While the gags continue, the fallout on both siblings has them both heading for a middle-aged meltdown.
Kidman skilfully plays the bitter daughter who wants nothing more to do with her parents while Bateman (who also directs) plays the weak younger brother who (still) can’t stick up for himself.
Exploring the nature of damaged psyches during adulthood, moviegoers get an insight into the dynamic between neglected siblings.
Flashback scenes depict the borderline insanity of their famous parents Camille (Kathryn Hahn) and Caleb (Christopher Walken), whose infamous escapades include an incident in which Baxter “shoots” at a policeman and licks “blood”.

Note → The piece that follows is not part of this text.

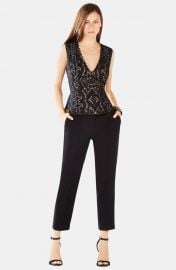 BCBGMAXAZRIA Rena Appliqu Cotton Blend Peplum Top at Nordstrom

After the parents go missing on holiday, Annie and Baxter convince themselves that it’s just another hoax but the police aren’t so sure. The journey of finding their parents allows the main characters to explore their purpose and relationships not only with their parents but also with each other.
Based on the novel by Kevin Wilson, Bateman captures themes of parenthood and the definition of art through some exceptional acting scenes peppered with raw emotion.
Here, he dishes up a unique comedy-drama; a satire of the depths of family ties and imagination.
However, the plotline has us a little hesitant about its ability to keep your undivided attention. Buy plenty of popcorn just in case it doesn’t.
Review by Taylor Glover
“How does a milkshake salesman build a fast food empire with an annual revenue of seven hundred million dollars?” Director John Lee Hancock, who helmed the marvellous Saving Mr Banks, returns with this, the rags-to-riches true story of the McDonalds empire. Ray Kroc (Michael Keaton) is coping with the daily struggles of survival while striving to do better. Then he meets two brothers who run a fast food joint and whose talent for serving up burgers and fries in double-quick time has him intrigued. The question is: how did McDonalds become so… big?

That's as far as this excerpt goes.